About this exercise: Only the pictures are to be dropped; the rest of the data below is to be duplicated exactly.

Extracted records:
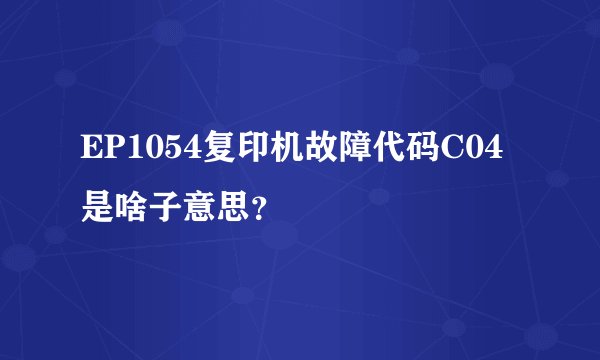 EP1054复印机故障代码C04是啥子意思？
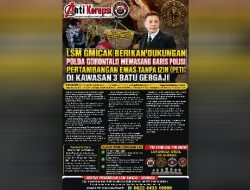 LSM Gmicak Berikan Dukungan Polda Gorontalo memasang garis polisi Pertambangan Emas Tanpa Izin (PETI) di kawasan 3 Batu Gergaji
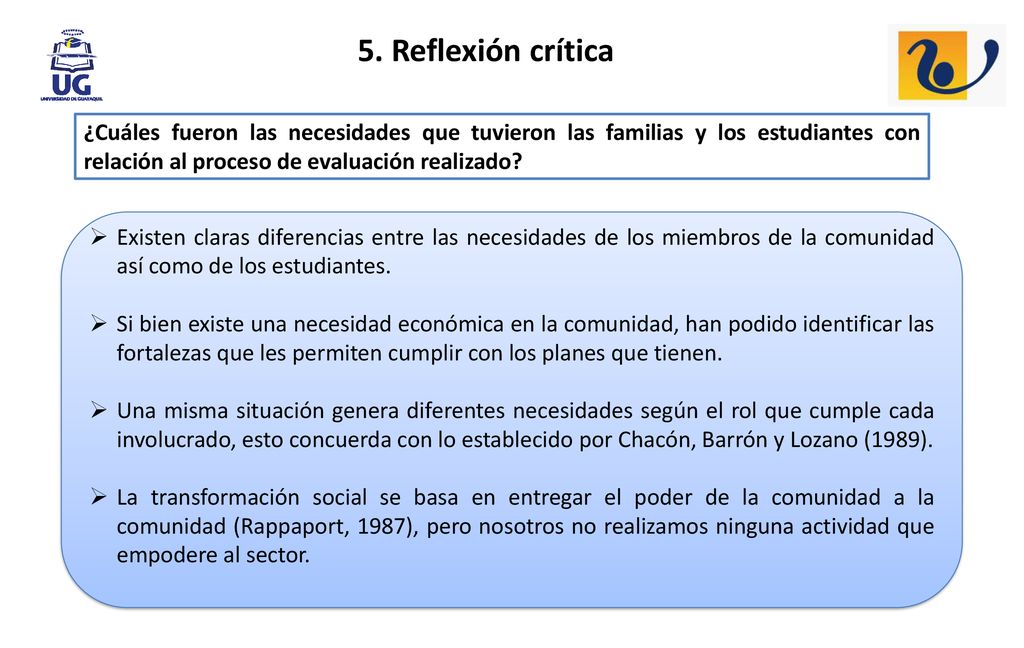 5. Reflexión crítica ¿Cuáles fueron las necesidades que tuvieron las familias y los estudiantes con relación al proceso de evaluación realizado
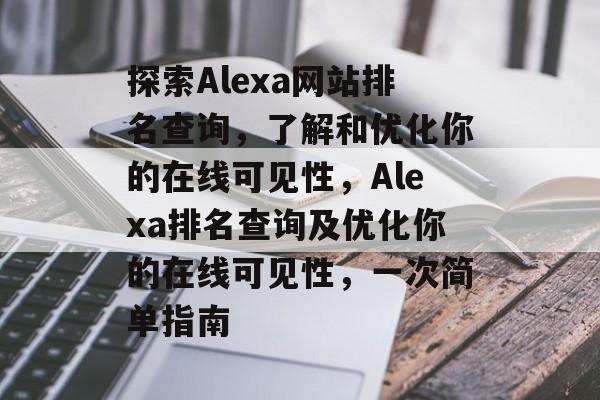 探索Alexa网站排名查询，了解和优化你的在线可见性，Alexa排名查询及优化你的在线可见性，一次简单指南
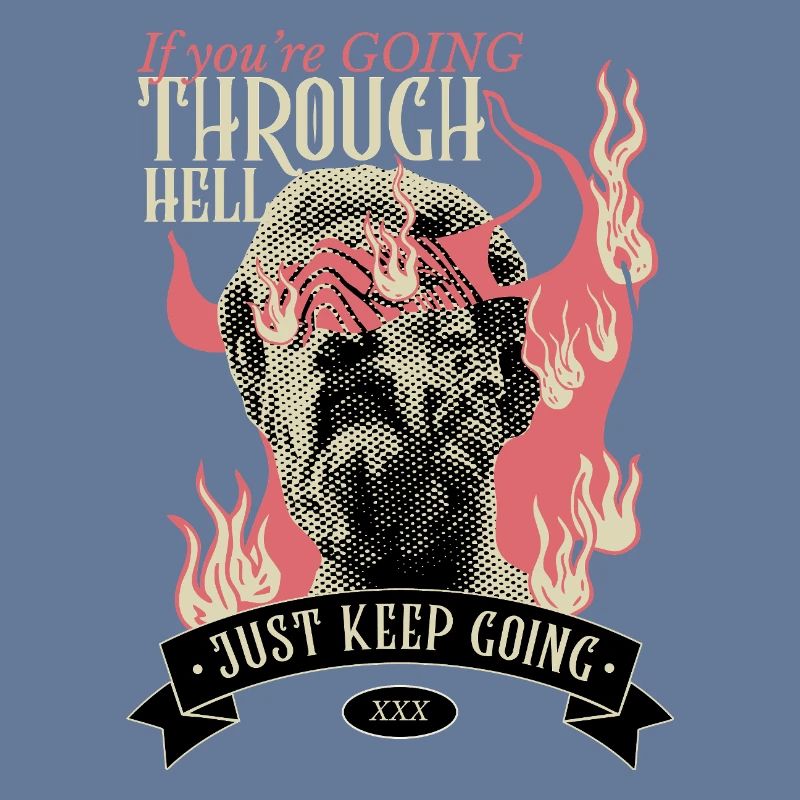 If you're going through hell, keep going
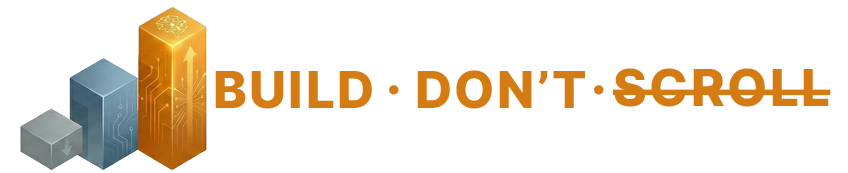 Three stacked cubes of increasing size and complexity next to the text "BUILD • DON'T • SCROLL," with "SCROLL" crossed out.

Response to this exercise:
 EP1054复印机故障代码C04是啥子意思？
 LSM Gmicak Berikan Dukungan Polda Gorontalo memasang garis polisi Pertambangan Emas Tanpa Izin (PETI) di kawasan 3 Batu Gergaji
 5. Reflexión crítica ¿Cuáles fueron las necesidades que tuvieron las familias y los estudiantes con relación al proceso de evaluación realizado
 探索Alexa网站排名查询，了解和优化你的在线可见性，Alexa排名查询及优化你的在线可见性，一次简单指南
 If you're going through hell, keep going
 Three stacked cubes of increasing size and complexity next to the text "BUILD • DON'T • SCROLL," with "SCROLL" crossed out.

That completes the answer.